MC: To paint every single idea that pops into my head pictorially, instantaneously.
Q: If we were going to talk about your art, where would you want to start?
MC: I have an anthropology degree and somehow it seems to be reflected in my work since coming to Mexico.
Q: What quality in others makes you want to slap them?
MC: Lack of empathy.
Q: Art is so subjective, what kind of art is unappealing to you?
MC: I like it all. I take all art in. You can even learn from what’s unappealing.
Q: What’s the best piece of advice you’ve been given as far as your art, inspiration or career?
MC: Don’t be afraid, it’s only paint. Intelligent less is more. To quote Bruce Lee, “Obey the principles without being bound by them. “
Q: What is most important to you…the subject, the process or the final work?
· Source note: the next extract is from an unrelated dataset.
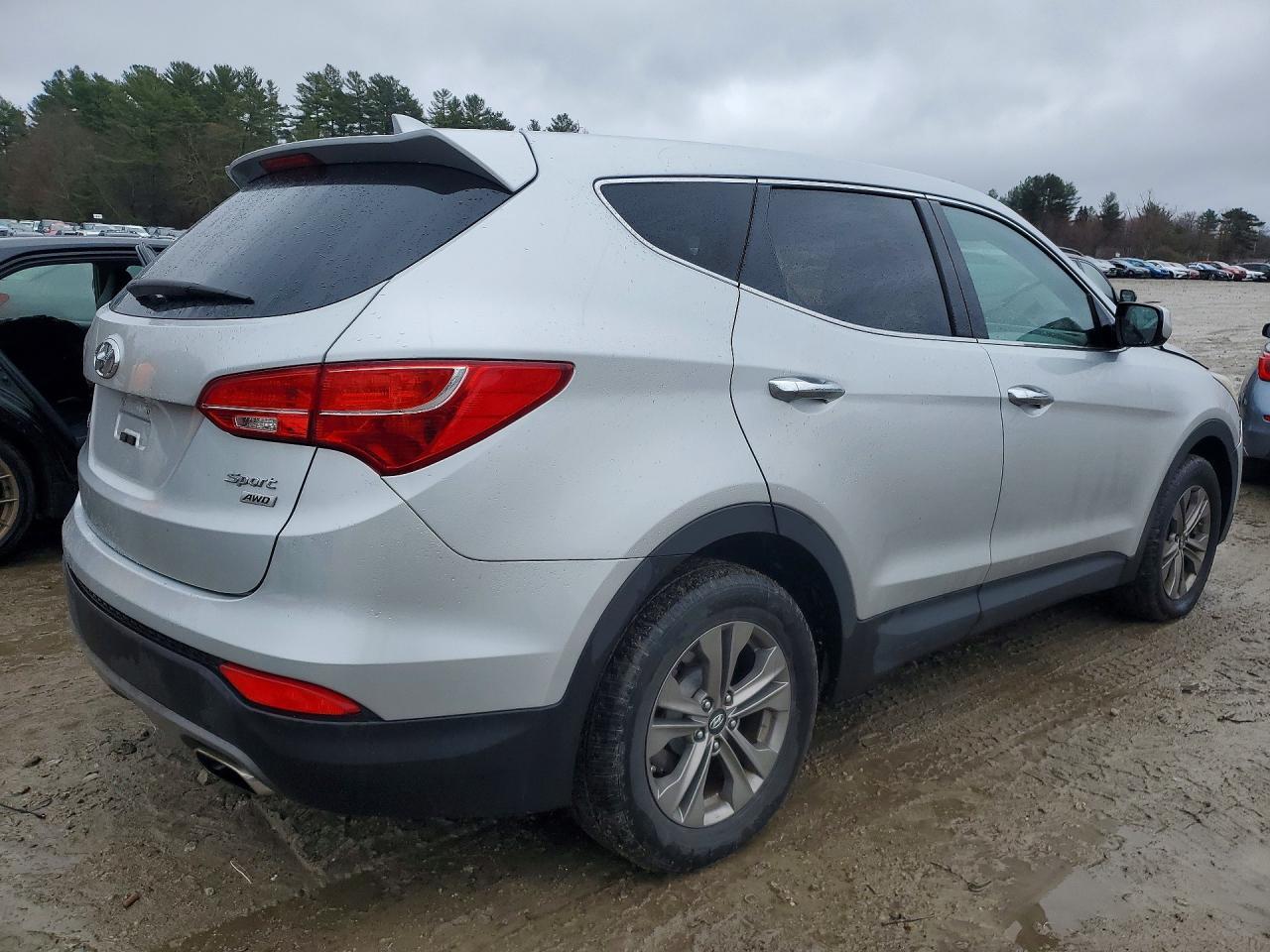 2015 Hyundai Santa Fe Sport 2.4L - Фото 3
MC: The final work and the initial concept.
FINALIST 2017 KINGSTON PRIZE – CANADA’S LEADING PORTRAIT EXHIBITION
The Kingston Prize is a Canada-wide competition and exhibition tour for Canadian portrait painting. The competition is open to any Canadian artist who depicts a Canadian citizen or landed immigrant in a portrait based on a real life encounter. The aim of The Kingston Prize is to encourage and reward the creation of contemporary portraits by Canadian artists, to promote Canadian artists through competition, and over time to develop an historical record of Canadians, by Canadians. Each exhibition becomes a fascinating snapshot of a cross-section of Canadian life. A distinguished panel of judges determines the 30 finalists, whose work then becomes part of the national touring exhibition.
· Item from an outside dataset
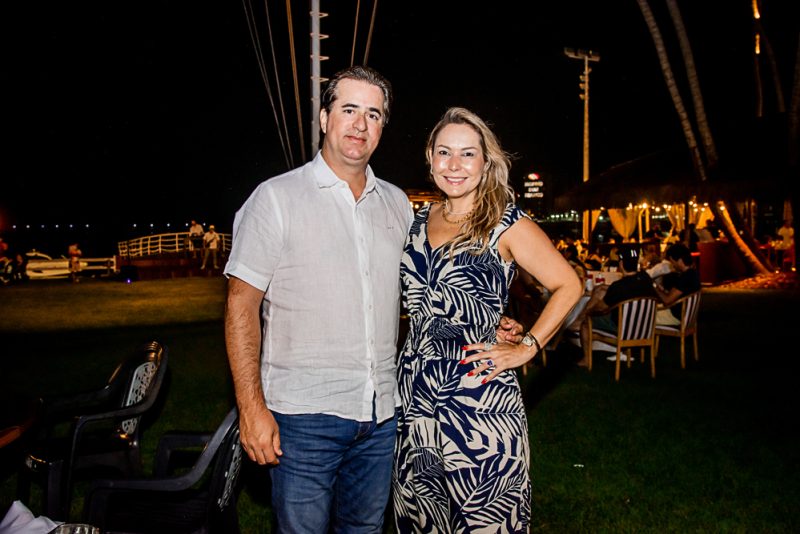 Diversão garantida - Boa música, gente bacana e alto astral dão o tom do weekend no Iate Clube de Fortaleza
Q: If your work was edible, what would it taste like?
MC: Bright summer salad on a hot day.
Q: What is the one thing you need in your studio to work, other than your art supplies?
MC: A clean floor. I don’t mind the studio being messy or cluttered but I can’t bare to have stuff on the floor, I feel I am constantly stepping on land mines.
Q: What is your most favorite piece of your artwork on display in Galeria de Ida Victoria now, and why?
MC: “Forgiveness.” Even though it was painted in Mexico where bright and vibrant colours prevail, I used muted tones in the painting to create a sombre mood.
Q: In the era of the internet, why do you choose to continue to work with galleries?
MC: Anyone can be on the internet not everyone can be in a gallery.
Q: Now the best part, tell us a joke.
MC: It’s not really a joke but proto pop painter Larry Rivers, recalled how Jackson Pollock once tried to run down one of his sculptures that was in a friend’s driveway in East Hampton.
Why do I love Michael Carlyle’s work?
When I first received the images of Michael’s Primitiva Series, I was immediately struck by the contrast found in each portrait- the hands and bodies painted so simple in form and exaggerated in size next to the delicate and traditional rendering of the faces, coupled with the bold color used in the backgrounds, I immediately fell in love with them! I could tell that Michael was classically trained in portraiture, but had a wild streak in him too. And then this series evolved into his next, the Mujeres Contemporaneos Series, where he really had a chance to pump up the colors (no doubt inspired by living in Mexico) and take the portrait to a different place entirely. They are bold but still serene. I love them all! I am very proud to have his work in the gallery, and look forward to seeing how his work evolves.
My favorite Carlyle piece in the gallery is, FAITH. I love everything- the delicate beautiful face, the bold color of the background, the composition, that stare. Even the orange stripe! It’s perfection.